Wakil Ketua KPK Johanis Tanak dalam jumpa pers pada Jumat (16/12/2022) dini hari di Gedung Merah Putih KPK, Jakarta, menyampaikan, suap yang diungkap pada Rabu lalu itu adalah yang ketiga kalinya diterima Sahat dari Abdul Hamid. Saat ditangkap, Sahat menerima Rp 1 miliar dari yang dijanjikan Hamid sebesar Rp 2 miliar untuk pengurusan alokasi dana hibah dari APBD Jatim untuk tahun 2023. Uang itu diterima Sahat dalam bentuk mata uang asing, yakni dollar Singapura dan dollar Amerika Serikat.
”Sisa Rp 1 miliar dijanjikan akan diserahkan pada Jumat,” ujarnya.
Sebelumnya, Hamid dan Sahat telah melakukan praktik serupa untuk distribusi dana hibah tahun anggaran 2020 dan 2021. Pada kedua tahun anggaran itu, APBD Jatim mengalokasikan dana hibah sebesar Rp 7,8 triliun untuk didistribusikan ke badan, lembaga, dan organisasi kemasyarakatan di wilayah Pemerintah Provinsi Jatim guna pembangunan infrastruktur.

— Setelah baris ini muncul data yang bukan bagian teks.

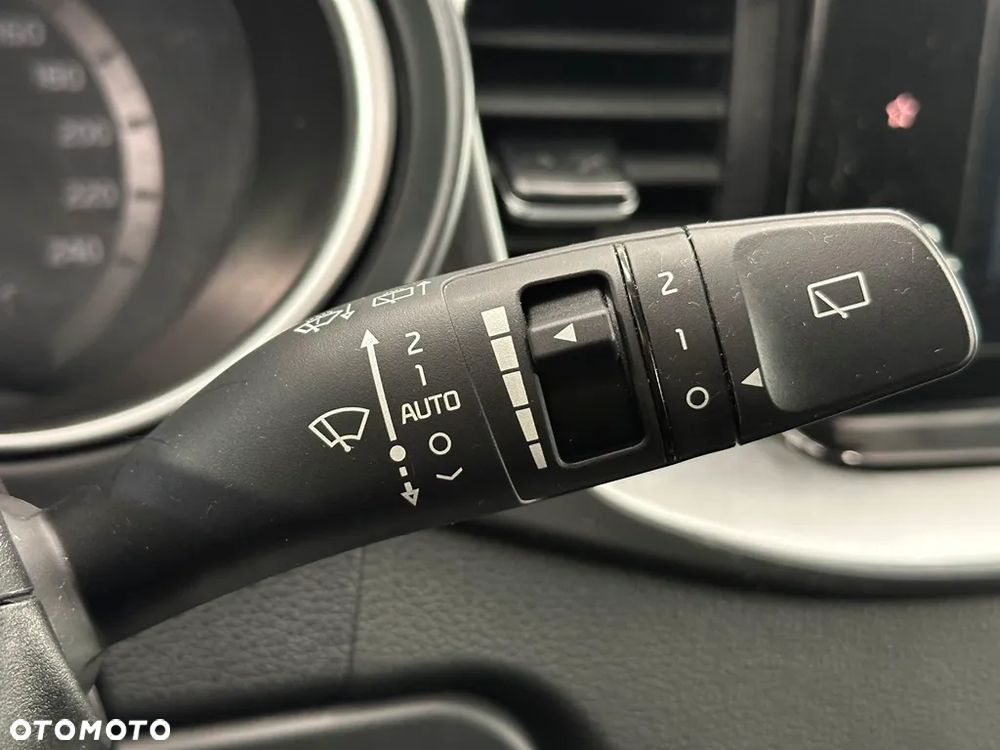 Kia Ceed 1.5 T-GDI M - 18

Distribusi dana itu dilakukan melalui usulan yang disampaikan oleh anggota DPRD Jatim, salah satunya Sahat. Untuk itu, Sahat menawarkan diri memperlancar pendistribusian dana hibah kepada sejumlah pihak dengan meminta uang muka layaknya praktik ijon.
Untuk distribusi, dana hibah tahun anggaran 2020 dan 2021, kepada Hamid, Sahat meminta uang muka sebesar 20 persen dari dana hibah yang diberikan kepada kelompok masyarakat. Dalam hal ini, Hamid juga memperoleh bagian 10 persen. Untuk realisasinya, dana hibah yang disalurkan sebesar Rp 40 miliar pada 2021 dan Rp 40 miliar pada 2022.
Untuk penyaluran dana hibah tahun 2023, Hamid kembali meminta bantuan Sahat dengan janji memberikan imbalan Rp 2 miliar. Akhirnya keduanya ditangkap pada Rabu, berikut uang imbalan yang diberikan itu juga disita KPK (Kompas.id, 16 Desember 2022).